Analyses and measures of treatment effect
Mean changes and SD were computed for continuous variables for every study to calculate effect size. As for studies with no reported SD of the mean difference, following formula were used: SD change = square root [(SD baseline 2 + SD final 2) - (2 × 0.8 × SD baseline × SD final)]32. Standardized mean changes were used for variables pooled on the different scales. Between-study heterogeneity was assessed using the chi-squared (χ2) test and quantified using the I2 statistic, which represents the percentage of the total variation across studies that is attributable to heterogeneity rather than to chance. Significant heterogeneity was defined with a P-value of <0.05.
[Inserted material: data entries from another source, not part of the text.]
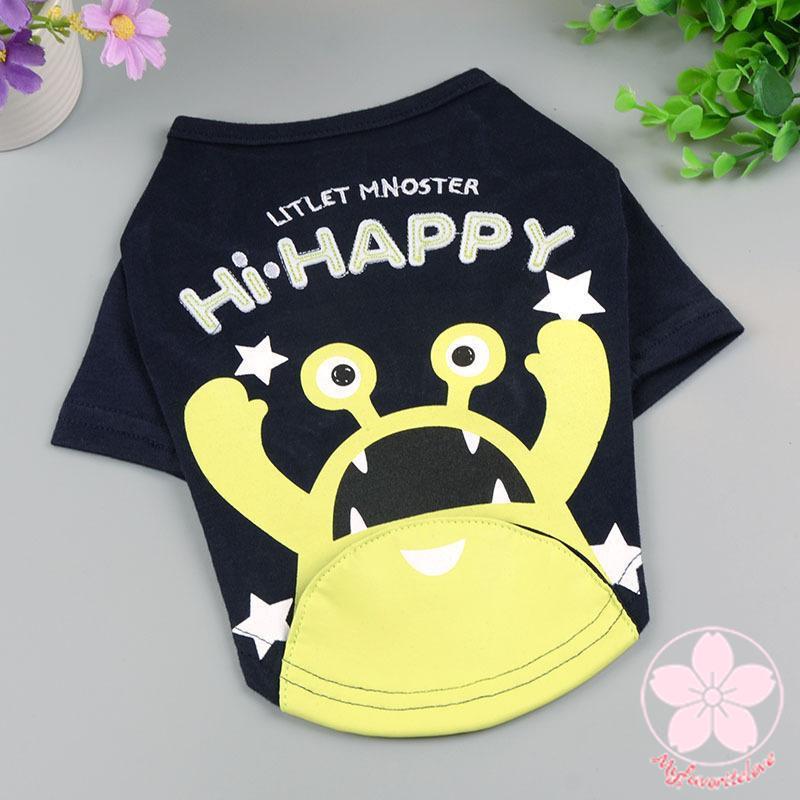 人気沸騰 ペット 服 安い 犬 春 夏 秋 キャラクター Tシャツ かわいい可愛いハイブランド 猫 ドッグウェア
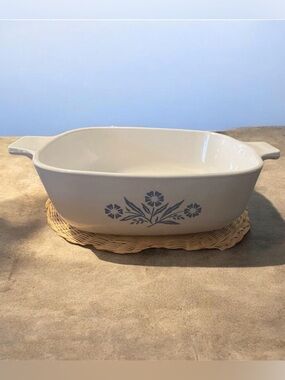 Corning Ware Blue Cornflower 1 Quart Casserole Dish P-1-B Vintage USA No Lid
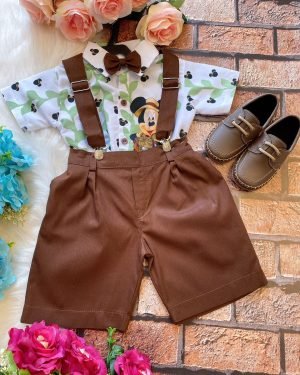 Conjunto Temáticos Meninos Mickey Safari Verde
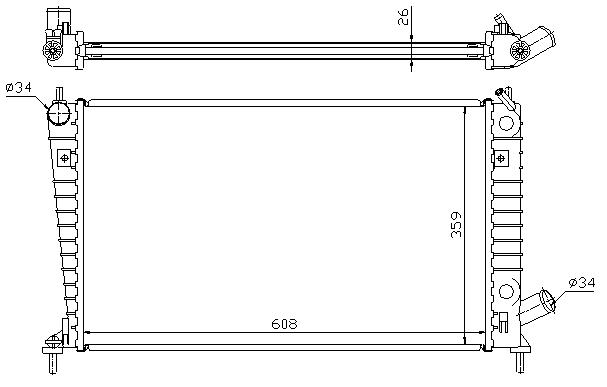 RAD. SAAB 9-5 (97) +/- 2.0/2.3 TURBO 16v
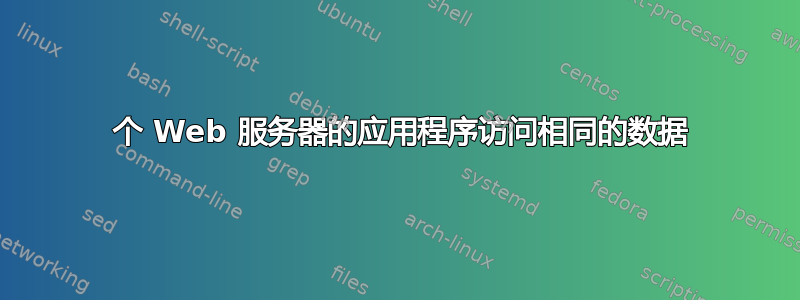 2 个 Web 服务器的应用程序访问相同的数据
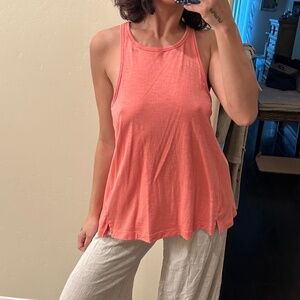 Roxy Coral Ribbed Tank Top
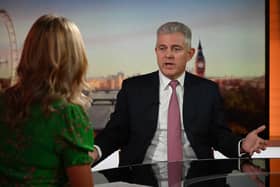 Brandon Lewis appearing on the BBC1 current affairs programme, Sunday Morning.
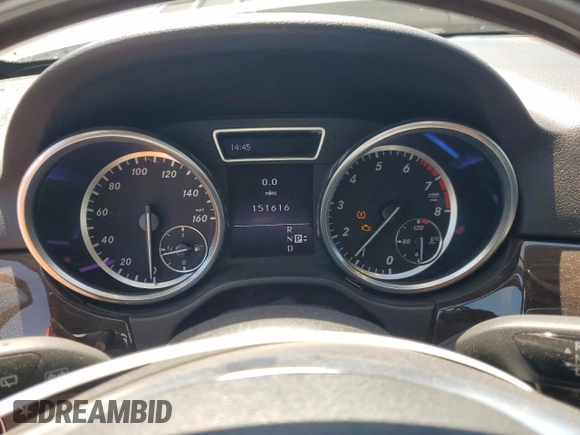 2012 Mercedes-Benz M 350 with VIN 4JGDA5HB3CA021162, listed as a Copart auction lot 63347105 with 151,616 mi miles and Salvage title. Bid and sale history available at DreamBid. Image 9.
The random effects model was applied to compute the weighted mean differences (WMDs) with 95% confidence intervals (CIs) for estimating the overall effect. To evaluate whether the results could have been affected distinctly by a single study, an influence or sensitivity analysis was carried out33. Subgroup analysis was also performed, based on the gender of participant (male, female or both), baseline BMI (over 30 kg/m2 and 30 kg/m2 or lower), dose of soy protein (over 20 g/day and 20 g/day or lower), duration of studies (over 12 weeks and 12 weeks or lower), supplementation type (soy-based meal replacement, soy powder or capsule supplement) and study design (randomized cross over or parallel). Publication bias was assessed by Begg’s rank correlation test and Egger’s regression asymmetry test. Funnel plots also depicted the effect sizes (differences in means) against their corresponding standard errors. Statistical analyses were performed using STATA 11.2 software (StataCorp, College Station, Texas, USA).